_About this task_: Nothing should appear in the answer except the lines below from the line containing "Clásico Steampunk gafas" through the line containing "Example of a", copied exactly, with pictures left out.

_Data items_:
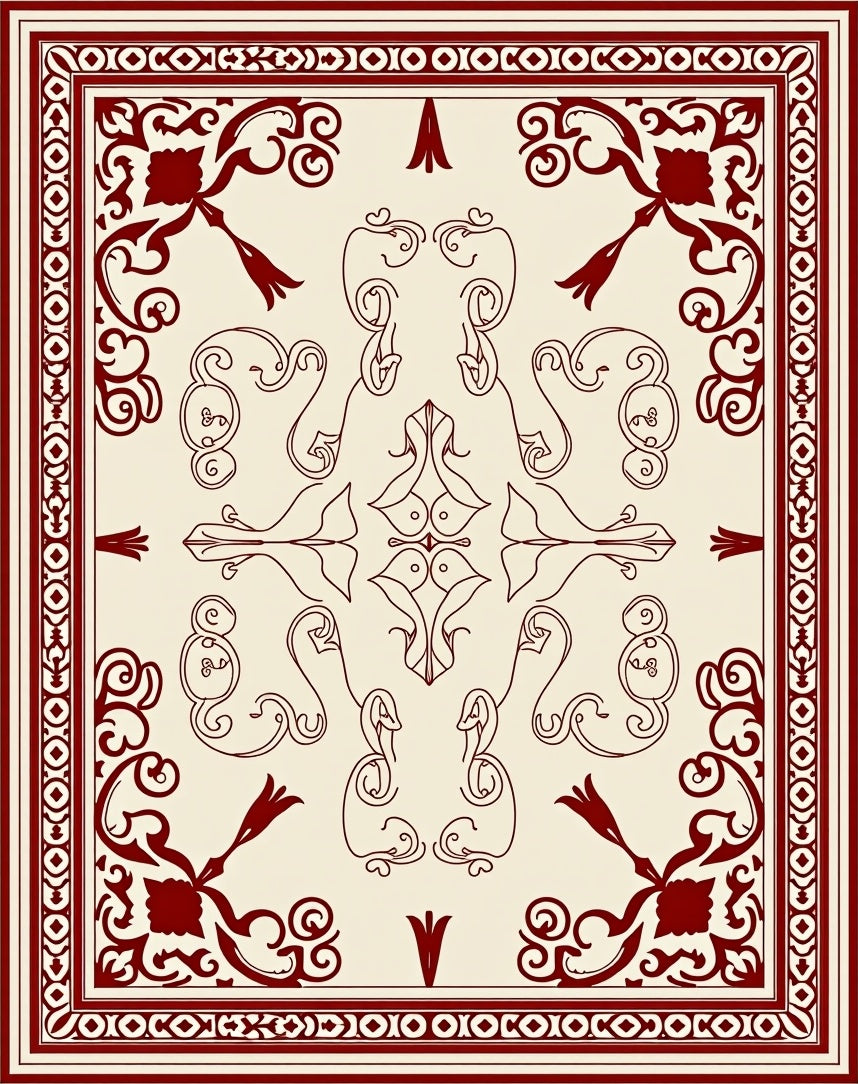 Crimson Floral Medallion Cream Rug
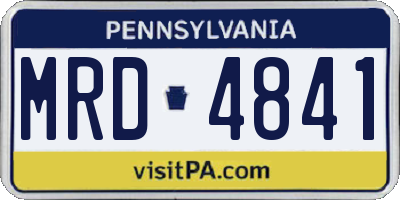 PA license plate MRD4841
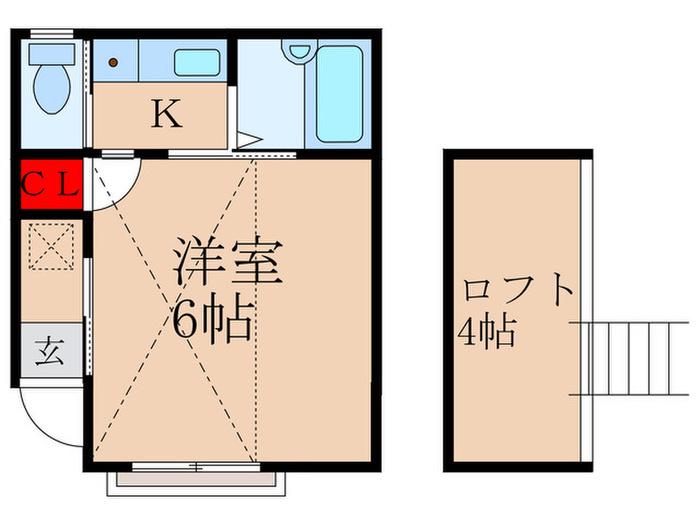 パールハイツ(1K/2階)の間取り写真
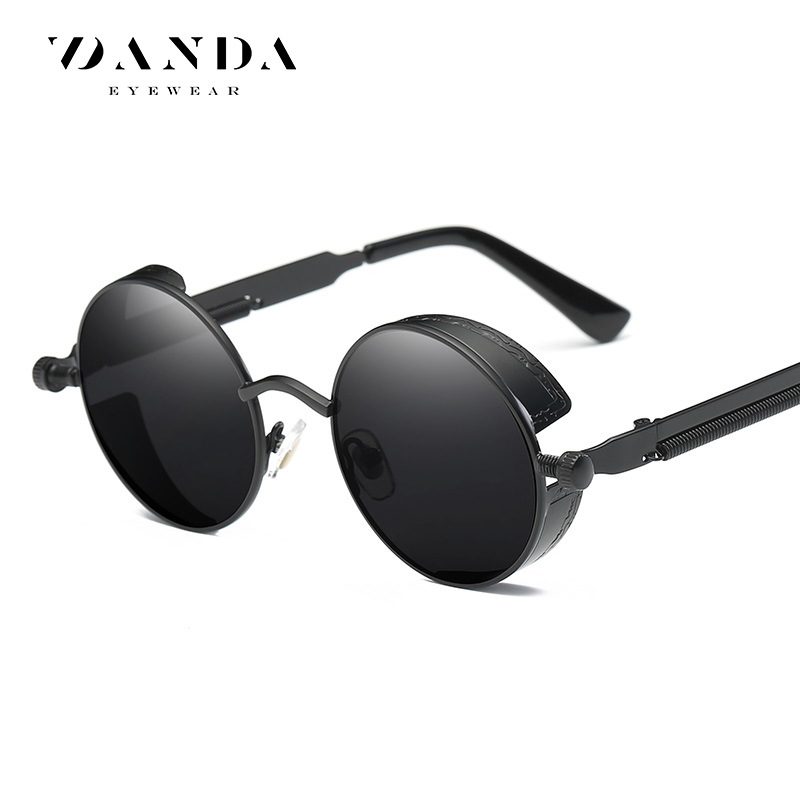 Clásico Steampunk gafas de sol europeo y americano ronda reflectante gafas de sol hombres y mujeres retro moda gafas de sol 0914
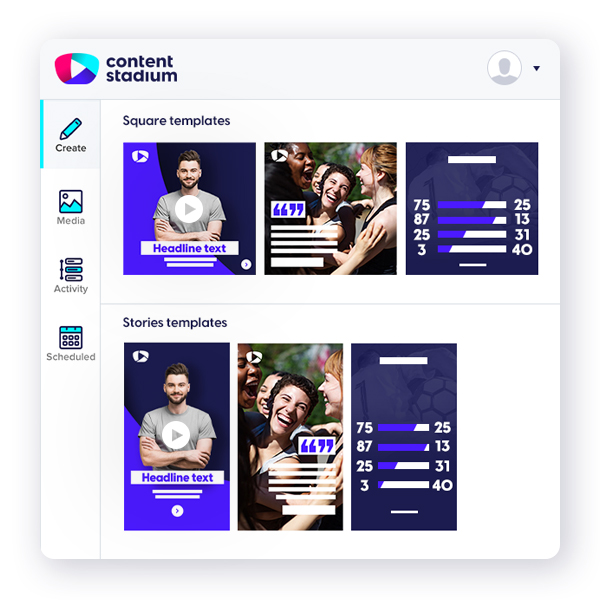 Example of a brand's account in the Content Stadium content creation tool, featuring three branded social media template designs in two sizes.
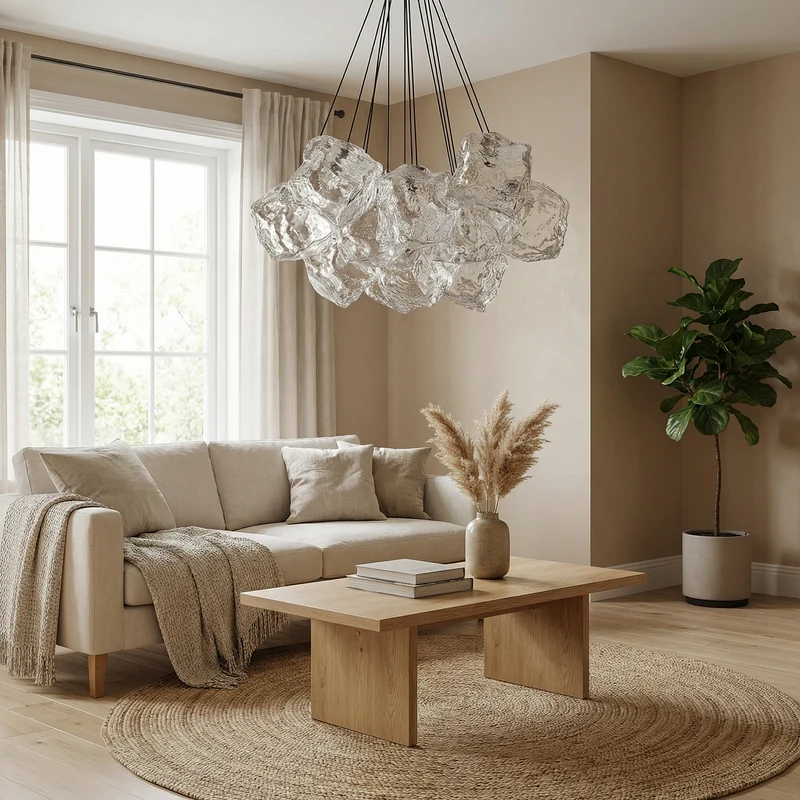 Moderne Glas-Pendelleuchte für Esszimmer – Célestine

_Written solution_:
 Clásico Steampunk gafas de sol europeo y americano ronda reflectante gafas de sol hombres y mujeres retro moda gafas de sol 0914
 Example of a brand's account in the Content Stadium content creation tool, featuring three branded social media template designs in two sizes.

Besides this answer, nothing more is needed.